What needs to be done —
Take from the entries below the stretch from the line with "charles Talley - @father_112 - Instagram" through the line with "Mexican Cucumber Salad", and return it exactly, leaving the pictures out.
** Opening Material shown block **
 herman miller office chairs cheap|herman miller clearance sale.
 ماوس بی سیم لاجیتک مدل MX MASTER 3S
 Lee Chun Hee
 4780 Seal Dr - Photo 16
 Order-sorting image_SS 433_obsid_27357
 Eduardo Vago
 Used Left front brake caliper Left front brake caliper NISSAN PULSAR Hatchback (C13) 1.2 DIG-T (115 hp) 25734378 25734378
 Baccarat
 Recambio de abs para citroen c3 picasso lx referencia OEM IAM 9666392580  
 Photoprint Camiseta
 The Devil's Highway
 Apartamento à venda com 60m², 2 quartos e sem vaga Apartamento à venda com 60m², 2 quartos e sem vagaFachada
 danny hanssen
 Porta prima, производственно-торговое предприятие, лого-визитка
** Closing Material shown block **
** Opening Material shown block **
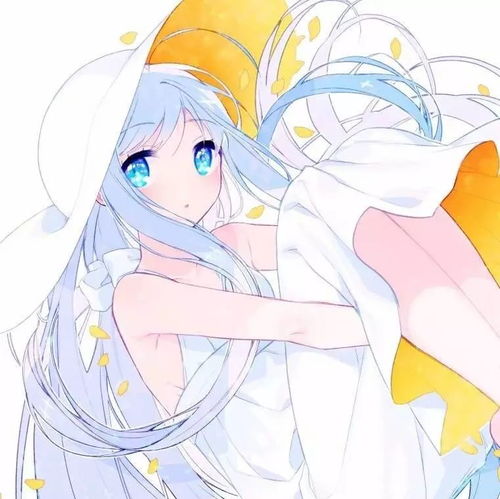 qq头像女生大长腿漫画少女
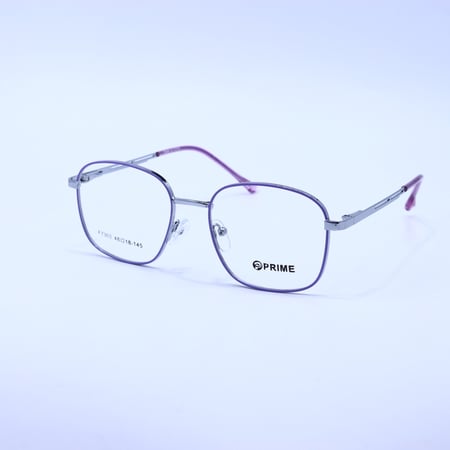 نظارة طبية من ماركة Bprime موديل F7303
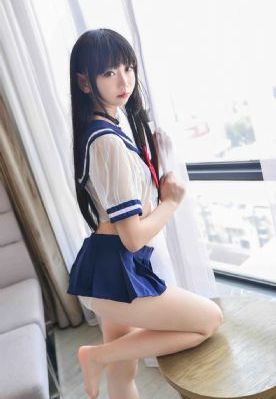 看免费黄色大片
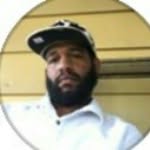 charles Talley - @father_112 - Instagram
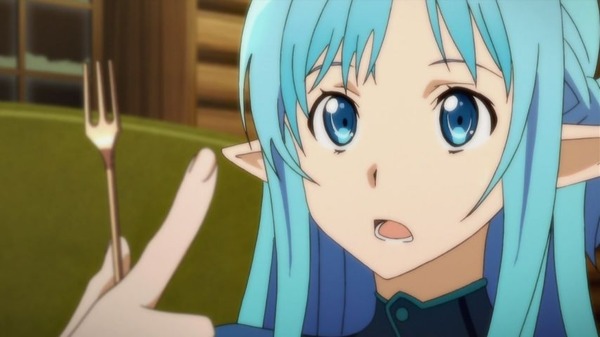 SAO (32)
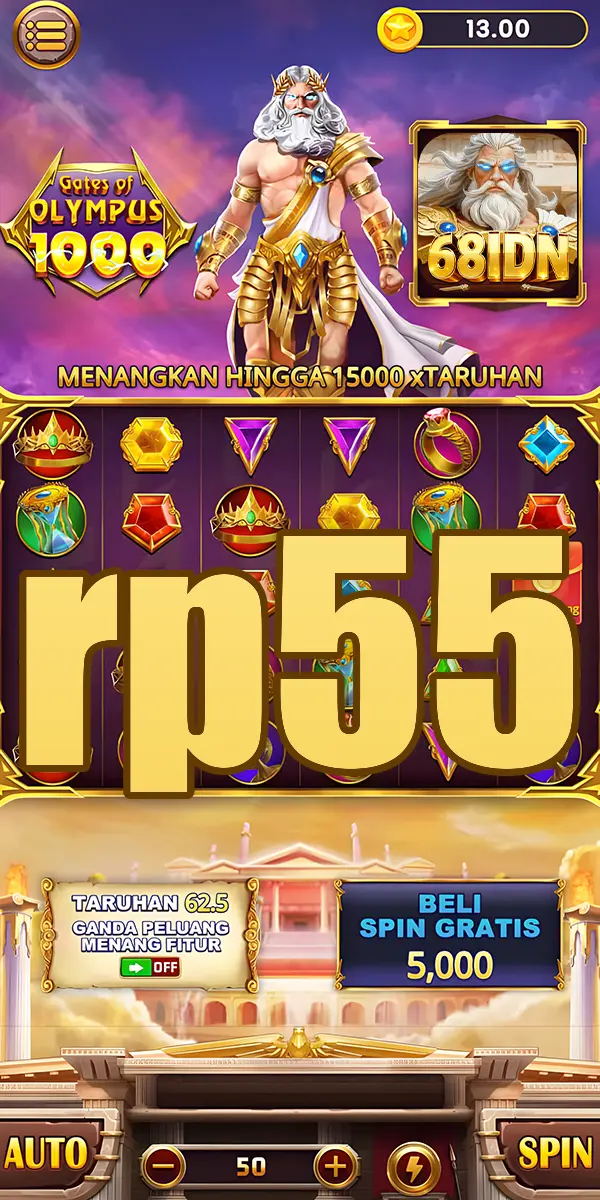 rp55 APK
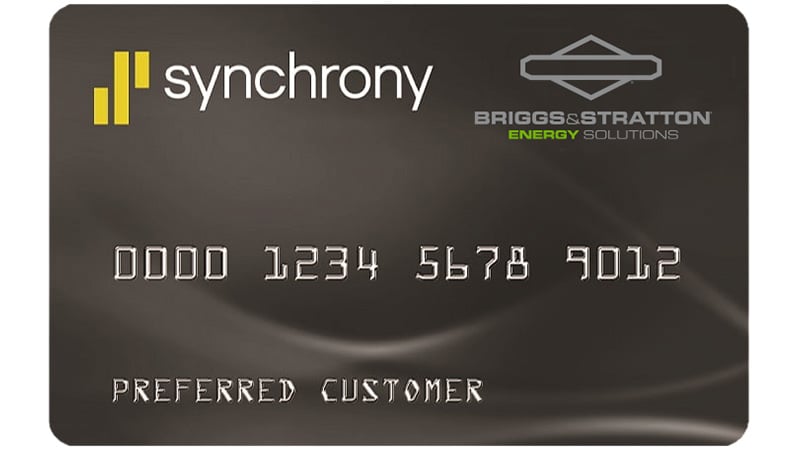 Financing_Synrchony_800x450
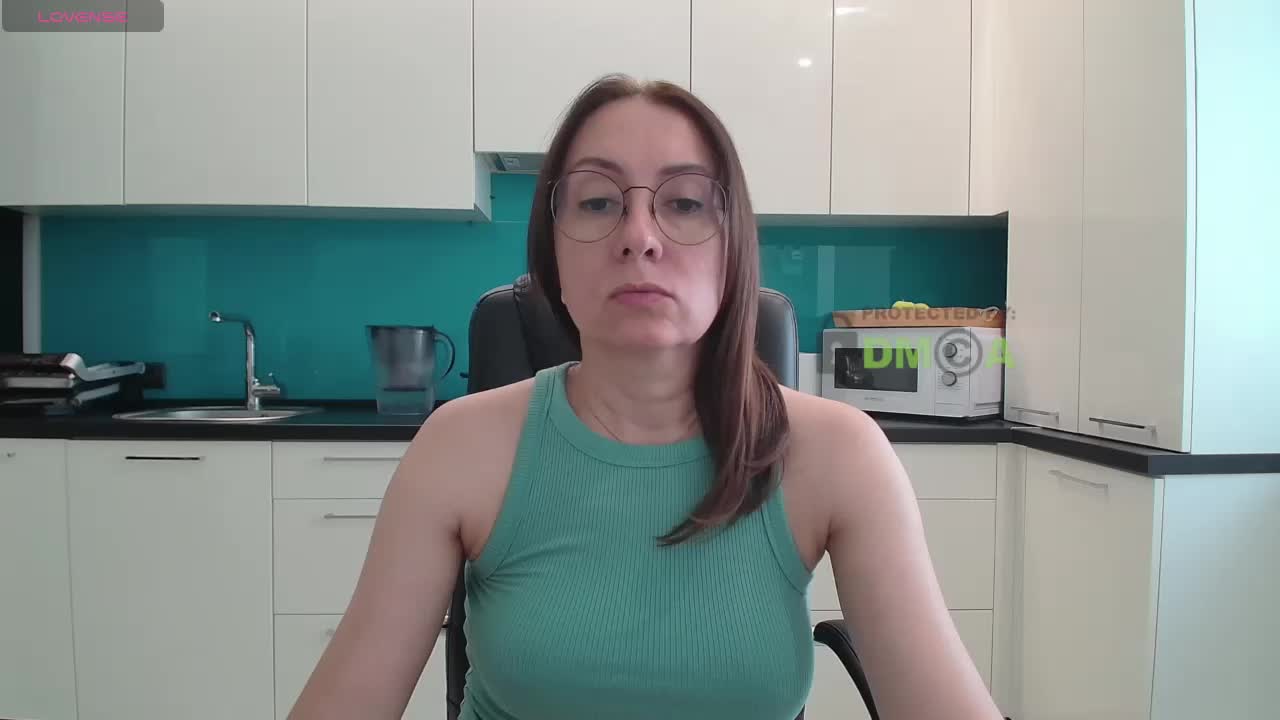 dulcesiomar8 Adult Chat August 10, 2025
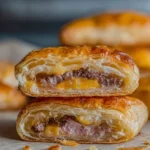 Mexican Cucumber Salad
** Closing Material shown block **
Output for this task —
 charles Talley - @father_112 - Instagram
 SAO (32)
 rp55 APK
 Financing_Synrchony_800x450
 dulcesiomar8 Adult Chat August 10, 2025
 Mexican Cucumber Salad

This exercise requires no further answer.